What’s Next for the Animas River?

Cleanup efforts are underway at the river, which turned a bright orange-yellow after a catastrophic chemical spill

Animas River
The Animas River under better circumstances in 2011. Heather/Flickr CC BY 2.0

There’s a state of emergency in several Colorado counties after an Environmental Protection Agency water contamination investigation went ironically and tragically awry, spilling millions of gallons of wastewater into the Animas River instead. But what’s next for the river, which turned an eerie orange-yellow color after the August 5 spill?

First up is determining just how much damage has been done. The New York Times’ Julie Turkewitz reports that EPA officials have adjusted their estimate of the spill’s magnitude from about one million gallons to over three million gallons. As they attempt to address the catastrophic spill, officials will likely continue to revise their estimates.

They’ll also keep their eye on the river’s plume, which stretched more than 100 miles as of this weekend. It hit the New Mexico border on Saturday and has collided with the San Juan River too, according to The Farmington Daily Times’ Steve Garrison and Joshua Kellogg. The Los Angeles TimesDavid Kelley reports that it’s expected to affect Lake Powell and the Colorado River as well.

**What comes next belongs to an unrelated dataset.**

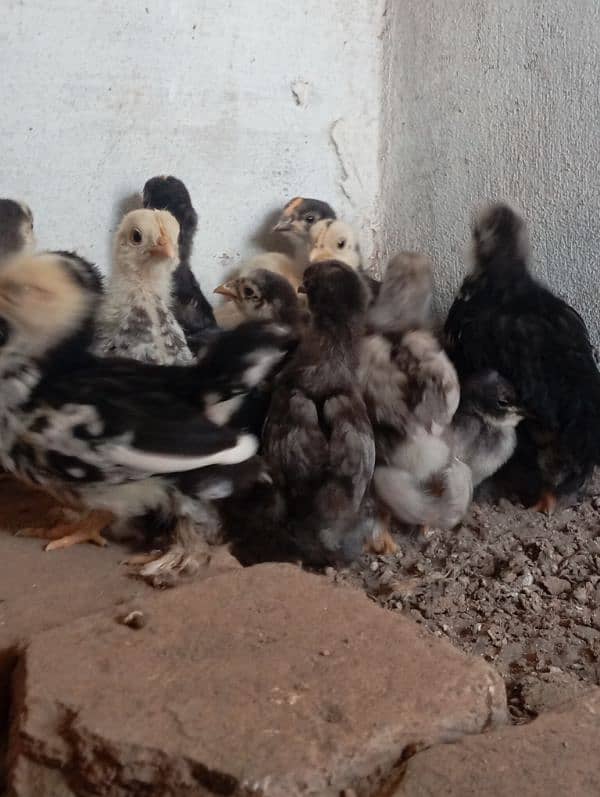 Bantam chicks 1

The spill itself is being tackled with retention ponds designed to collect additional outflows, but Wired’s Sarah Zhang writes that there’s not much that can be done about existing contaminants — they’ll simply sink or be diluted over time. Spring runoff could drudge up sunken metal, and sludge washed up on riverbanks could be a residual problem. For wildlife on the banks of the river, the effects should be minimal, writes Dana Ford for CNN, but fish are much more sensitive.

With good reason, humans have basically been banned from the Animas for the time being. Several counties in Colorado declared a state of emergency over the weekend. Durango also shut off river flows to city reservoirs. The EPA is still in the process of testing drinking water wells in Colorado.

As the spill heads downstream, it is expected to dissipate. Reuters’ Steve Gorman writes that the plume’s “leading edge” can no longer be spotted from the sky, which could indicate that levels of wastewater are now diminishing.

In the future, the spill could lead to new ways to deal with chemicals from old mines (after all, the EPA’s aim before accidentally releasing chemicals into the Animas River was to determine the extent to which such chemicals make their way into water sources). Bruce Finley explains for The Denver Post that around 14,000 old mines are are still leaking into local water sources, and Nicholas Riccardi of the Associated Press estimates that 55,000 similar sites could exist across the American West.